Publicado em 29 de julho de 2026 Atualizado em 21 de agosto de 2026 Revisão médica: 09 de agosto de 2026 16 min de leitura Dr. Fernando Macei Drudi
Injeção Intravítrea Anti-VEGF: O Que É e Para Que Serve? — ilustração médica de saúde ocular — Instituto Drudi e Almeida Oftalmologia
Dr. Fernando Macei Drudi
Autor Médico
Dr. Fernando Macei Drudi
CRM-SP 139.300 | RQE 50.645

Resumo em linguagem simples

Este artigo explica de forma acessível o que é injeção intravítrea anti-vegf: como funciona, medicamentos e cobertura por convênio em sp, incluindo causas, sintomas, diagnóstico e opções de tratame...

CID-10: H35.3
Resposta rápida: A injeção intravítrea anti-VEGF é o tratamento padrão-ouro na oftalmologia moderna para combater o crescimento de vasos sanguíneos anômalos e reabsorver o líquido acumulado na retina em doenças como a Degeneração Macular Relacionada à Idade (DMRI úmida), o Edema Macular Diabético (EMD) e a Oclusão Venosa da Retina (OVR). O procedimento é rápido, ambulatorial e indolor, sendo realizado sob anestesia tópica em colírio em ambiente cirúrgico estéril. Medicamentos biológicos modernos como o Vabysmo® (faricimabe), Eylea® (aflibercepte 2mg e Eylea HD 8mg), Lucentis® (ranibizumabe) e Avastin® (bevacizumabe) bloqueiam a proteína VEGF-A e a Angiopoietina-2, promovendo a secagem da mácula e a preservação da visão. De acordo com o Rol de Procedimentos da ANS, todos os planos de saúde são obrigados a cobrir integralmente o tratamento para as indicações aprovadas pela ANVISA.

Injeção Intravítrea Anti-VEGF para Tratamento da Retina


O Que É a Injeção Intravítrea Anti-VEGF e Como Ela Protege Sua Visão?

A introdução dos medicamentos anti-VEGF revolucionou a retinologia nas últimas duas décadas. Antes dessa tecnologia, condições vasculares da retina evoluíam inevitavelmente para cicatrizes disciformes e cegueira central irreversível em poucos meses.

O VEGF (Fator de Crescimento Endotelial Vascular) é uma proteína produzida pela retina quando há hipóxia ou falta de oxigenação. Em excesso, o VEGF estimula a proliferação de vasos sanguíneos frágeis (neovasos) que vazam sangue, lipídios e plasma dentro da mácula — a região da retina responsável pela visão detalhada de leitura e rostos [1].

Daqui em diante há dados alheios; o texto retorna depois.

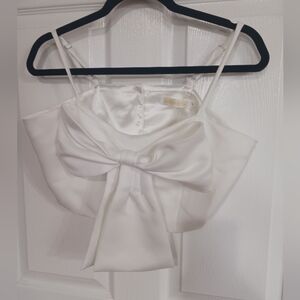 TWO TWIN STYLE White Satin BOW CROP TOP SIZE large croquet fairy party event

A injeção intravítrea consiste na aplicação do medicamento biológico diretamente na cavidade vítrea (a substância gelatinosa transparente que preenche o interior do olho). Ao atingir o vítreo, a medicação liga-se ao VEGF, neutralizando-o instantaneamente e interrompendo o ciclo de vazamento e neovascularização.

Mecanismo de Ação Anti-VEGF na Retina


Para Quais Doenças da Retina a Injeção Anti-VEGF É Indicada?

A terapia anti-VEGF é indicada prioritariamente para três grandes doenças retinianas vasculares e exsudativas:

As 3 Principais Indicações de Injeção Anti-VEGF

A. Degeneração Macular Relacionada à Idade (DMRI Úmida / Neovascular)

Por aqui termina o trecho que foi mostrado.